Zachary Klaassen: Yeah. I think you brought up a good point, too. I mean, it's almost going back to med school. We have to be good listeners, and I think it's easy for us to go in and have a plan and bang through that plan. And the temptation is to get up and move to the next patient. But if we sit and we just listen for two, three, four, five minutes—maybe more if we have to—the point of listening and just the therapy of somebody talking it out, I think you mentioned it perfectly, that often alleviates at least some of the distress or the anxiety, and certainly this is multifactorial, but I think as we see these patients, especially the elderly patients, I think it's a huge, huge factor.

Sarah Psutka: Couldn't agree more. It's funny, right? I talk to my residents about this. I say, "The patients will tell you what the problem is. You just have to give space to listen."

Zachary Klaassen: To listen.

Sarah Psutka: It's amazing because they'll tell you exactly what's wrong, but it's also giving people space to talk about stuff that maybe they didn't know that they could talk about. Because it ends up being really meaningful if a patient has had really severe postoperative delirium that you didn't know about after they went home after TURBT. I'm thinking about a patient I saw in clinic today who just has—every time she has an anesthetic, she has a really challenging emergence that's frankly terrifying for her.

And so it means that I'm doing everything I can to keep her out of the operating room and doing things like biopsies in the clinic and fulgurations in the clinic for the cancer that we're taking care of, things like that. I can fix that. I can be responsive to that, but if I didn't know that this was such a major concern, I maybe wouldn't be thinking about it as much.

Zachary Klaassen: Absolutely.
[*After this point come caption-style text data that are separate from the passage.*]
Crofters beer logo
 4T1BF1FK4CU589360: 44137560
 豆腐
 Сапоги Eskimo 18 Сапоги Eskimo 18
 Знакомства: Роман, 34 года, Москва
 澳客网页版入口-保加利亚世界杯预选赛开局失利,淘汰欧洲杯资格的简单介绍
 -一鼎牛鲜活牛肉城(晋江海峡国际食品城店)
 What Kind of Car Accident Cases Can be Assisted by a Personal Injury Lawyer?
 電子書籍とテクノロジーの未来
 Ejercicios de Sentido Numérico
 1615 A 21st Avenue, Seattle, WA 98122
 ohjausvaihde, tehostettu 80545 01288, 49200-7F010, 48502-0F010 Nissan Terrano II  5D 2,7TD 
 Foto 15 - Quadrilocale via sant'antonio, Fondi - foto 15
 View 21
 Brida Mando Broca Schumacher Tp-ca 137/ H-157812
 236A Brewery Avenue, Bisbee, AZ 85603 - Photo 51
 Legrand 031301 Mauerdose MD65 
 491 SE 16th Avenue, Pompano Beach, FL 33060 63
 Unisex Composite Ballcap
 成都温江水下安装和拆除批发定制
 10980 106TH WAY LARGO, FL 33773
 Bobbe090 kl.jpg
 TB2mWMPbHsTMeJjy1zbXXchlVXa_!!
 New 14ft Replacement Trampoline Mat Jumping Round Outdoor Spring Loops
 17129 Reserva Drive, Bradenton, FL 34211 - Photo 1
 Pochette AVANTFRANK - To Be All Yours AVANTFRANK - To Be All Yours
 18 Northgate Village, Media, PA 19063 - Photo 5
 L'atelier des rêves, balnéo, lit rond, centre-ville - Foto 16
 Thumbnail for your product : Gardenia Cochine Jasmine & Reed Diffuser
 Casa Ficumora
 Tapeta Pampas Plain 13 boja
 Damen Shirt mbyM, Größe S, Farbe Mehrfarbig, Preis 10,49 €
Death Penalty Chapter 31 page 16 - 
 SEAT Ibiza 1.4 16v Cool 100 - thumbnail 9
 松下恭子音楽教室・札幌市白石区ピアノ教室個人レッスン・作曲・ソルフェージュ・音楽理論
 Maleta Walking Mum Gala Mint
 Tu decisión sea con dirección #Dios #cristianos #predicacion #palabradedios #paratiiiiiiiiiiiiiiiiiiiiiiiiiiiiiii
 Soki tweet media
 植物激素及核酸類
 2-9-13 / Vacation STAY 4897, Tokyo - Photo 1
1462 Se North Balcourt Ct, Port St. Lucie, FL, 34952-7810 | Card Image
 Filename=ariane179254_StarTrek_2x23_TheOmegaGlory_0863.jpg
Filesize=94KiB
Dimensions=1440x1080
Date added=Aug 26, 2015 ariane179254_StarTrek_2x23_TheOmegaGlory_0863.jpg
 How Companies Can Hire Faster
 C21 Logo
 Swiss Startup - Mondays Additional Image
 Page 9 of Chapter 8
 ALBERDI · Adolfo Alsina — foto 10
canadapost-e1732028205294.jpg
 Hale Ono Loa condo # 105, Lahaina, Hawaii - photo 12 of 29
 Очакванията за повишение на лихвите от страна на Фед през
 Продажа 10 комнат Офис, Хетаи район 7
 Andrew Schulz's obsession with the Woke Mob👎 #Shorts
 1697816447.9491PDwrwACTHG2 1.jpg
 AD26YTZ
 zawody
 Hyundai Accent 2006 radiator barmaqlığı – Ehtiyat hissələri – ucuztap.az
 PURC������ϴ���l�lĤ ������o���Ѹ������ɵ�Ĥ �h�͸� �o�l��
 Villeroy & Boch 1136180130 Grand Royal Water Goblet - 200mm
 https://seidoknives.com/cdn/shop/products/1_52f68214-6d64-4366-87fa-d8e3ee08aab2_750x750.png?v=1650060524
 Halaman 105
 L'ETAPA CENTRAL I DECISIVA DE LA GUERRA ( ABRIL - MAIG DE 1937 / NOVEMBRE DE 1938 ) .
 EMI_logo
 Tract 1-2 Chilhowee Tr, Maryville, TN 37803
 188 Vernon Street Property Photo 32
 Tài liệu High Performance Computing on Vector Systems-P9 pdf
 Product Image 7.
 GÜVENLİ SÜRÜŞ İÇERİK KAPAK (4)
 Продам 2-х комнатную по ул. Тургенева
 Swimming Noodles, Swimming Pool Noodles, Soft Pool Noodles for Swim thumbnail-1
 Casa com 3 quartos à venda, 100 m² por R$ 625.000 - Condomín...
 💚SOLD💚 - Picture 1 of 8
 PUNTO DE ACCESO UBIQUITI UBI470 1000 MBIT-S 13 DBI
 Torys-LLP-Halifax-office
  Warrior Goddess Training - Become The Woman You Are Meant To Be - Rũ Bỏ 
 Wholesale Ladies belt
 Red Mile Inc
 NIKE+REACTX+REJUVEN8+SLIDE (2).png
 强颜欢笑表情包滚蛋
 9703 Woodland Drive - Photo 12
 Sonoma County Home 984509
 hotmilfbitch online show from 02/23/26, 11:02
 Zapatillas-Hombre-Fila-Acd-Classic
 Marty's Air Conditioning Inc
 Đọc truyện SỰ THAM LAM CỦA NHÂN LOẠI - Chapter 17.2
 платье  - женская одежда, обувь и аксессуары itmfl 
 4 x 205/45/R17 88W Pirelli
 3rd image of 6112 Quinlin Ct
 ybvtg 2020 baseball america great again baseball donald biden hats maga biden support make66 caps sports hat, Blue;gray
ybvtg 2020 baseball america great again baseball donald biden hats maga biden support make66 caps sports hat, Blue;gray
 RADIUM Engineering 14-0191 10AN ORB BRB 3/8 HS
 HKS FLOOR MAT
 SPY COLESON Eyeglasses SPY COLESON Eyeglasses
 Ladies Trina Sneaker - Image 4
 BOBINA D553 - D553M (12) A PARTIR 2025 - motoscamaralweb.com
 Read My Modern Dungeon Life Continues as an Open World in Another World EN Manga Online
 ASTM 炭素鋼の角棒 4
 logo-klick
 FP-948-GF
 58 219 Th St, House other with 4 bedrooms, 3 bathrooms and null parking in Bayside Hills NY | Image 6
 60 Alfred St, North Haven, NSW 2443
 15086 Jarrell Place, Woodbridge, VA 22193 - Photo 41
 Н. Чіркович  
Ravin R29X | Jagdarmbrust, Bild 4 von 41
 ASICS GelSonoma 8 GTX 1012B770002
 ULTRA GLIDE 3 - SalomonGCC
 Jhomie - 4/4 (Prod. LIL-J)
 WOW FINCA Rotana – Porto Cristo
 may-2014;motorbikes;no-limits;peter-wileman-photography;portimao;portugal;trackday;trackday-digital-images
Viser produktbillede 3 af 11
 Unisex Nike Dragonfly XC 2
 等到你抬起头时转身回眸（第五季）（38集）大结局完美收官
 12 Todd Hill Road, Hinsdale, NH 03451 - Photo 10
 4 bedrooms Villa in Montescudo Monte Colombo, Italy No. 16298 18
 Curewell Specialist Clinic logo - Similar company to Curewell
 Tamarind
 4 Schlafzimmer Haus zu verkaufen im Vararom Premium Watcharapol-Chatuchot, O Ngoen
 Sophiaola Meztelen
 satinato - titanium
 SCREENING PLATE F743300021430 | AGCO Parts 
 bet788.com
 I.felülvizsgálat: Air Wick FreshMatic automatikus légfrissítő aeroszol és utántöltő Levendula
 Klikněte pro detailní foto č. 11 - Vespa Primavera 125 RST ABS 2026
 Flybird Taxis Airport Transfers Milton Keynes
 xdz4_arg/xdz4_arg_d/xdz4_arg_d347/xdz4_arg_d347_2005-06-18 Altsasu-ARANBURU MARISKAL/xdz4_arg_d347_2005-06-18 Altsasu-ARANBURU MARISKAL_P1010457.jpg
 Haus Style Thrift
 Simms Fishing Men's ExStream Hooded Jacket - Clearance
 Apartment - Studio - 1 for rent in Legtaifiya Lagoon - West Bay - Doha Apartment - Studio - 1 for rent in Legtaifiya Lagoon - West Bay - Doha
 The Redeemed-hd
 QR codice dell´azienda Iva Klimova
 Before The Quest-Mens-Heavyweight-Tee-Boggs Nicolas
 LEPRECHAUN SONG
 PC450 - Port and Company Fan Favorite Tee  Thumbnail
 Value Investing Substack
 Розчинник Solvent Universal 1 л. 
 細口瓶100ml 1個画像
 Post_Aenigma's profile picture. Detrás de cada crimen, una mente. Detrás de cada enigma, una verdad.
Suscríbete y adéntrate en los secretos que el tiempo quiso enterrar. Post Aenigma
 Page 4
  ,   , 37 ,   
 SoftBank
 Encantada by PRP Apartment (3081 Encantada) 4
Congratulations on great work. I know that the Think Tank always has such good sessions, and we appreciate your time discussing today. And if you have a couple of quick take-home points for our listeners, that'd be fantastic.

Sarah Psutka: Absolutely. Well, I think just what we've just been talking about: think about how your patients' brains are being affected by the cancer and by the cancer treatments. I think giving patients space to talk it out can be helpful. Most of our cancer centers do have great resources for patients who are feeling that they're having these kind of cognitive effects, and I certainly am starting to really lean on our neuropsychology team. My colleagues who are geriatricians have also become great resources for me to start to think about how to protect my patients' brains as they're going through these treatments. And then I think I really like David's take-home point about the fact that compensatory strategies, which are really low-hanging fruit—they're very pragmatic, they're very easy, it's nothing fancy, it doesn't cost any money, and they don't take any time—they can be incredibly effective at unloading patients' minds so that they can be more effective. And so I think just bringing up those very basic things can be incredibly helpful.

Zachary Klaassen: Excellent. You've always been generous with your time on UroToday, and we thank you again for your expertise. Sarah, thanks so much.

Sarah Psutka: Thank you so much, Zach.